For reference, we give some excerpts from the OpenPBP RFC, inspired by the OpenPGP RFC.

3.2. Multiprecision Integers Multiprecision integers (also called MPIs) are unsigned integers used to hold large integers such as the ones used in cryptographic calculations. An MPI consists of two pieces: a four-octet little-endian scalar that is the length of the MPI followed by a string of octets that contain the actual integer. 5.5.2. Public-Key Formats A public key contains: - MPI of Elgamal prime p; - MPI of Elgamal group generator g; - MPI of Elgamal public key value y (= g**x mod p where x is secret). 5.1. Public-Key Encrypted Messages The body of the message consists of a string of octets that is the encrypted session key, followed by the symmetrically encrypted data.

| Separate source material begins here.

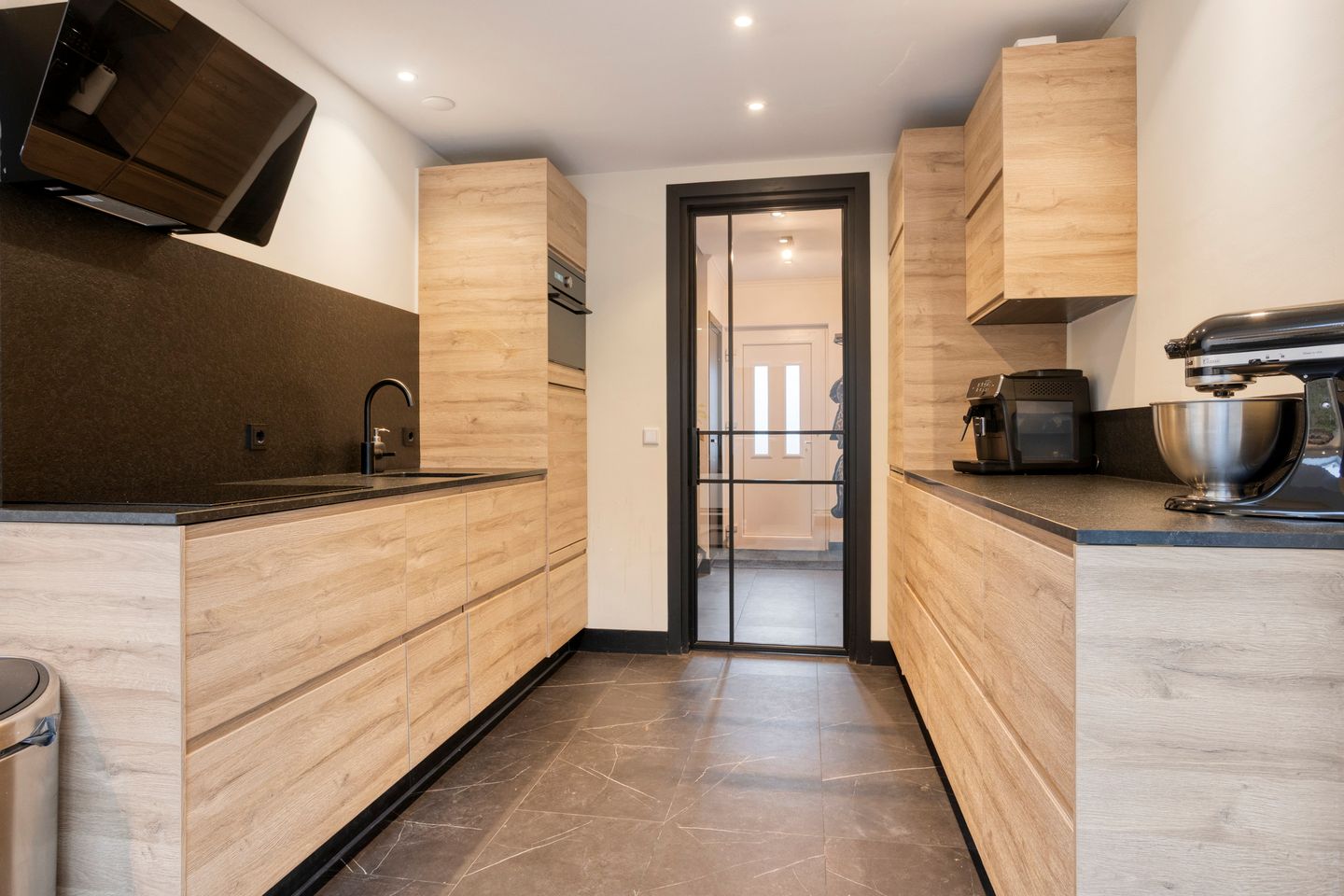 Foto 10 van Burgemeester Eekhoutstraat 45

The symmetric session key is derived from m by interpreting m as an appropriate length string of octets. - MPI of Elgamal (Diffie-Hellman) value g**k mod p. - MPI of Elgamal (Diffie-Hellman) value m * y**k mod p. - Encrypted data, the output of the AES symmetric-key cipher operating in CBC mode, with PKCS 7 padding. 6.2. Forming ASCII Armor When PBP encodes data into ASCII Armor, it puts specific headers around the Radix-64 encoded data, so PBP can reconstruct the data later. A PBP implementation MAY use ASCII armor to protect raw binary data. PBP informs the user what kind of data is encoded in the ASCII armor through the use of the headers. Concatenating the following data creates ASCII Armor: - An Armor Header Line, appropriate for the type of data - The ASCII-Armored data - The Armor Tail, which depends on the Armor Header Line An Armor Header Line consists of the appropriate header line text surrounded by five (5) dashes ('-', 0x2D) on either side of the header line text. The header line text is chosen based upon the type of data that is being encoded in Armor, and how it is being encoded. Header line texts include the following strings: BEGIN PRETTY BAD ENCRYPTED MESSAGE Used for encrypted files. BEGIN PRETTY BAD PUBLIC KEY BLOCK Used for armoring public keys. Note that all these Armor Header Lines are to consist of a complete line. That is to say, there is always a line ending preceding the starting five dashes, and following the ending five dashes. The header lines, therefore, MUST start at the beginning of a line, and MUST NOT have text other than whitespace following them on the same line. These line endings are considered a part of the Armor Header Line for the purposes of determining the content they delimit.